Repeat the data word for word. Do not include the pictures.

# Data excerpt
========================
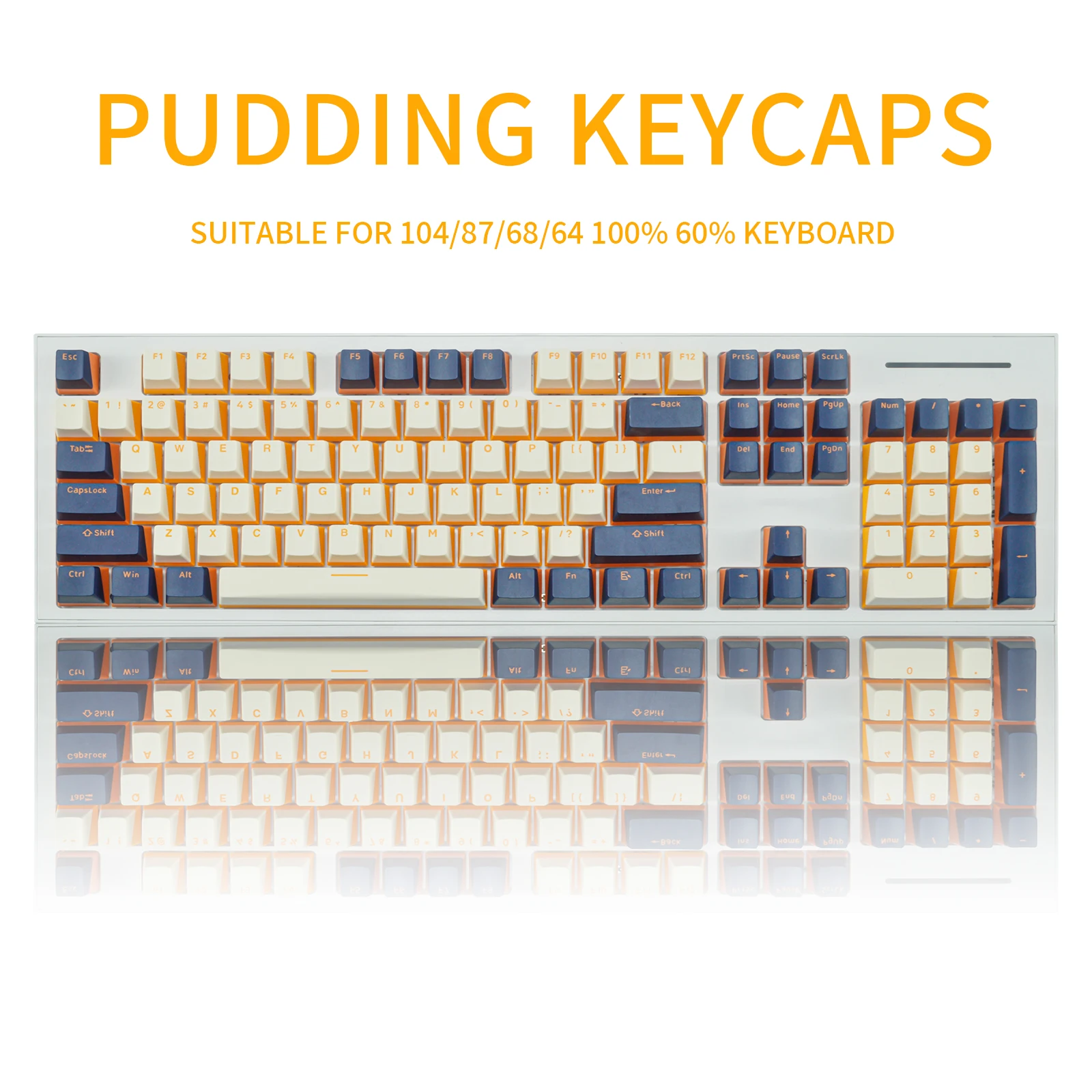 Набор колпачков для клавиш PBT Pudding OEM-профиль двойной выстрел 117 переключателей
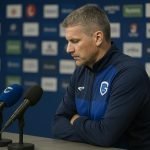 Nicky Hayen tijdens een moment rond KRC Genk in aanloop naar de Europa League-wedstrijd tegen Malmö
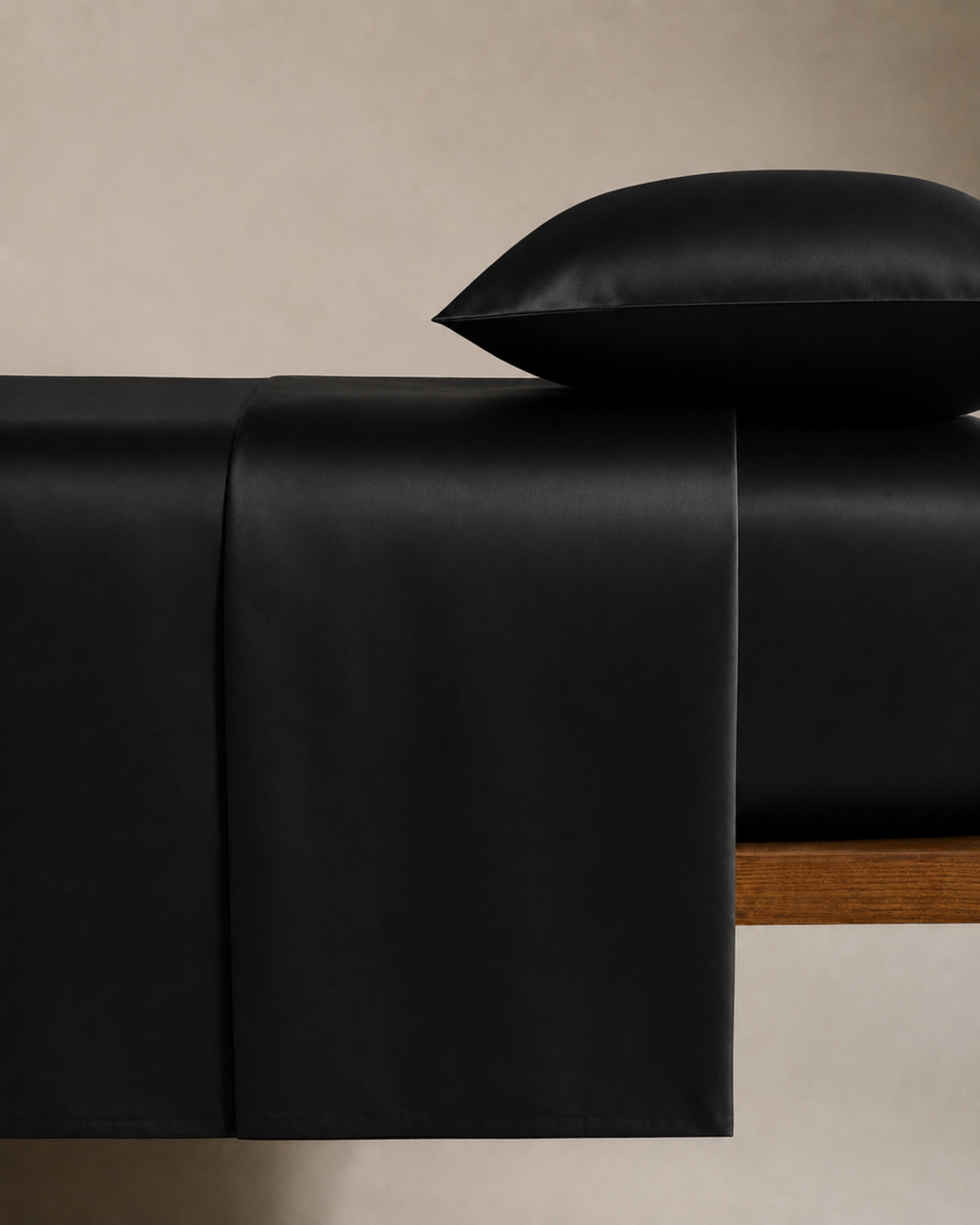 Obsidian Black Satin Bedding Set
========================
# Output for this exercise
 Набор колпачков для клавиш PBT Pudding OEM-профиль двойной выстрел 117 переключателей
 Nicky Hayen tijdens een moment rond KRC Genk in aanloop naar de Europa League-wedstrijd tegen Malmö
 Obsidian Black Satin Bedding Set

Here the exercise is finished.